Turinys
1.Introduction 3
2.George Bernard Shaw 4
3.George Herbert Wells 6
4.Richard Aldington 8
5.Modernism 10
6.James Joyce 12
7.Thomas Stearns Eliot 15
8.David Herbert Lawrence 19
9.Post Modernism 21
10. Conclusion 23
11.Literary list 24
Introduction
I am writing this paper work because I like English. English is almost like my second native language. This language is very famous and beautiful. Even if I think English is rather difficult language I like it very much. I guess that is why I chose “20th century English language” as a subject of my paper work.

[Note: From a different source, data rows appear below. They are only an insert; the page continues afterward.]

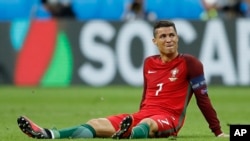 Cristiano Ronaldo du Portugal, 10 juillet 2016.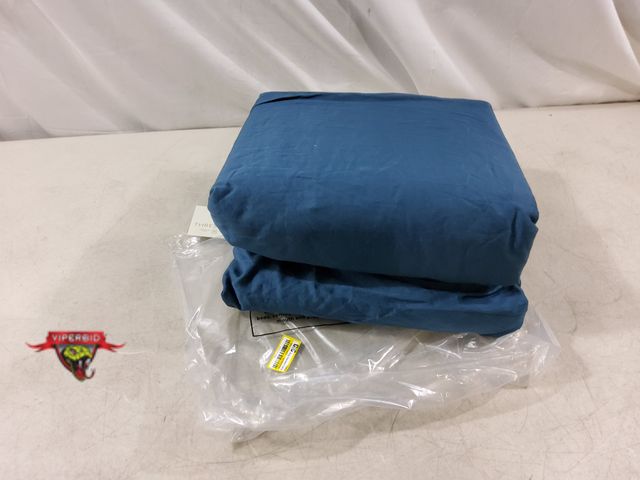 Lot 7-132486 - New! King duvet &amp; sham set. Duvet is 108" X 94". Shames are 20" X 36".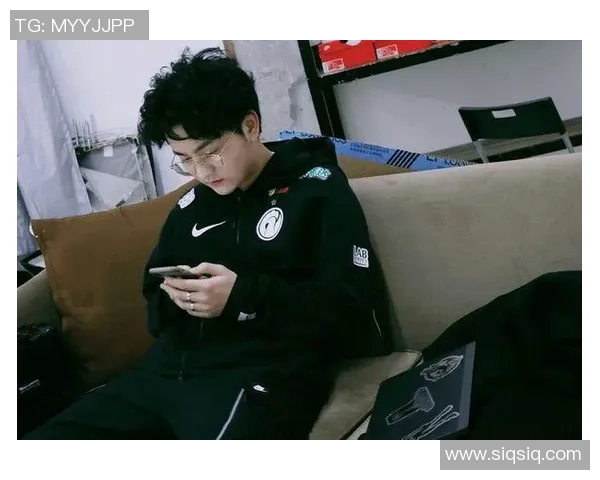 职业联赛分析：IG展现出卓越的战术灵活性与团队协作能力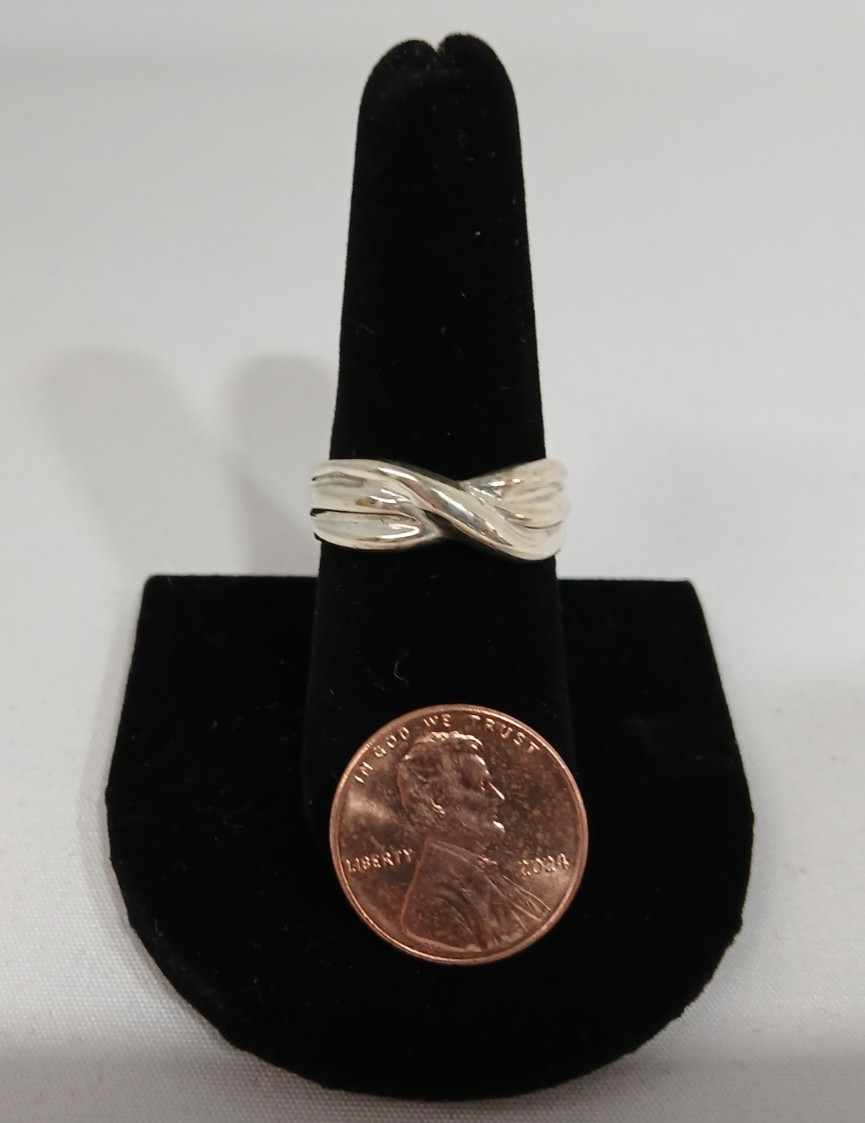 Sterling Silver Ribbed Criss Cross Ring Size 7.5 - image 2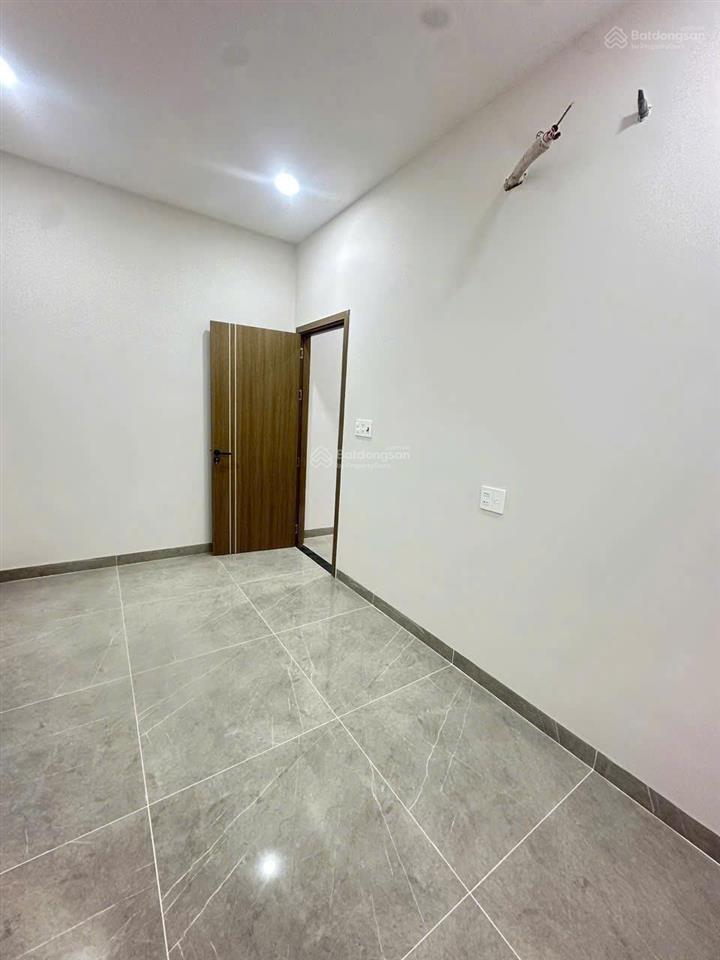 Bán nhà 3 lầu mặt tiền đường số 4, p. tam phú, tp. thủ đức, 5.8mx18.5m(107m2) nay là tp. hcm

In this paper you will find much information about XX cc. English literature and the most famous authors. This time was especially important to the whole Europe. The war and other political situations had a huge influence over 20th c. literature and authors. The events and mood reflects in poetry and other literature. All main historical events of the 20th century are written in this period literature.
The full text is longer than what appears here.